Project 4: AI-Powered Resume Screener

An automated tool that reads PDFs and ranks them based on keywords.

  • The System:
    • Frontend: Drag-and-drop file upload.
    • Backend: Python or Node.js service that parses PDF text.
    • AI Integration: Send the text to an LLM (like Gemini or OpenAI) to summarize the skills.
    • The Master's Twist: Implement an Asynchronous Workflow. Don't make the user wait for the AI to finish. Give them a "Processing..." status and send an email notification when the result is ready.

5. The "Intermediate" Architecture Standard

To pass the "Master" level for these projects, your architecture must include:

  1. Containerization: Everything must run in Docker.
  2. API Gateway: A single entry point (like Nginx) that routes traffic to different microservices.
  3. Centralized Logging: Use a tool (like Winston or ELK stack) to see logs from all your services in one place.
  4. Health Checks: A /health route that monitors if your database and cache are actually connected.
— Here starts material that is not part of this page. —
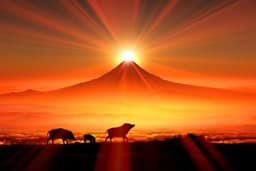 1/1 元旦　福岡初　どこかの山へ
Practice: The "Architecture First" Approach

Before you write a single line of code for these projects:

  1. Draw a System Diagram showing how the Frontend, API, Database, and Cache interact.
  2. Identify the Bottleneck. (Where will the system break first if 100,000 people join?)
  3. Choose your Cloud Strategy. (Will you use EC2, Lambda, or a Managed Kubernetes service?)
The Cost

At the intermediate level, you are using more cloud resources. Always check the pricing of the services you use. A Master never leaves a "Heavy" database or an "Autoscaling Group" running over the weekend if they aren't using it!